National design editors, once mostly dismissive of Rocky Mountain West architecture and interiors, have begun seeking out regional work as not only relevant but popular with readers. While Covid wreaked havoc with designers’ schedules as supply chain issues caused major delays, the Westward expansion it inspired was real, encompassing mountain communities including Jackson Hole and Big Sky, Montana. Word PR client Susie Hoffmann’s Envi Interior Design introduced her fresh, fun take on Western contemporary – or “mountain minimalism,” as Mountain Living dubbed it – to the tony Yellowstone Club, “setting the trend for the whole community,” as an Envi client told the magazine.

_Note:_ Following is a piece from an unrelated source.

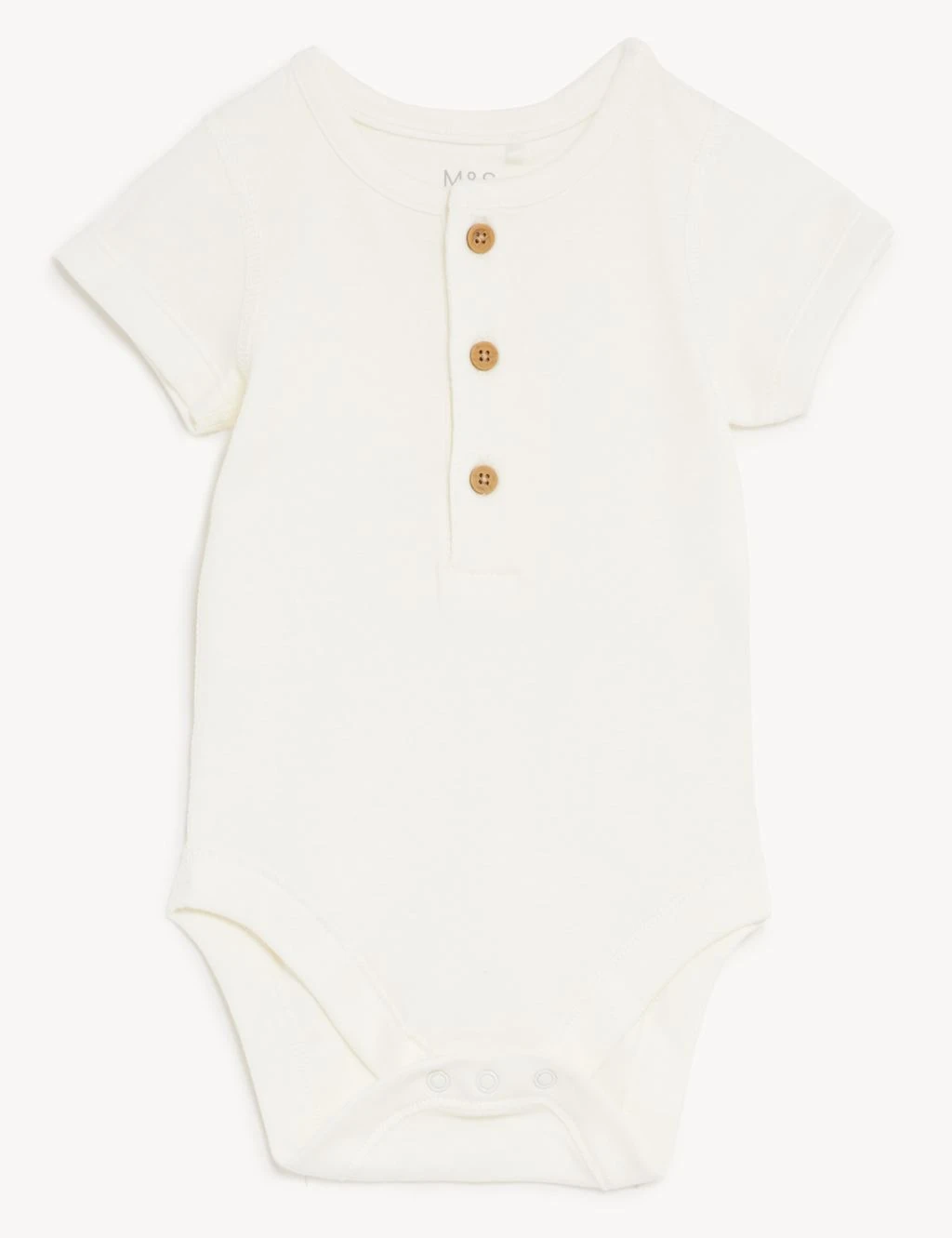 2pc Cotton Rich Embroidered Boat Outfit (0-3 Yrs) 4 2pc Cotton Rich Embroidered Boat Outfit (0-3 Yrs) - Image 4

Says Hoffmann, recently interviewed for Big Sky Journal’s upcoming HOME issue, “I think design in Montana is on the leading edge of design nationwide.  We've seen a progressive body of work come from our state.”

Along with the raised national awareness, regional magazines – ideal for their ability to connect Mountain West clients with designers’ and architects’ most interesting work – have continued to grow. Last year’s Big Sky Journal HOME was catalog-thick and we look forward to the 2023 issue, while Cowboys & Indians is expanding its “Home & Ranch” section. We asked Mountain Living editor Darla Worden to comment on the trend: “Mountain Living continues to grow in size as we receive a record number of beautiful submissions from homes built in the Mountain West,” she responded by email. “We attribute the surge partly to the pandemic when homes were remodeled to fit the way we lived or new homes were built to reflect our new needs. I also wonder if the popularity of TV’s ‘Yellowstone’ with its spectacular scenery has spurred some of the growth.”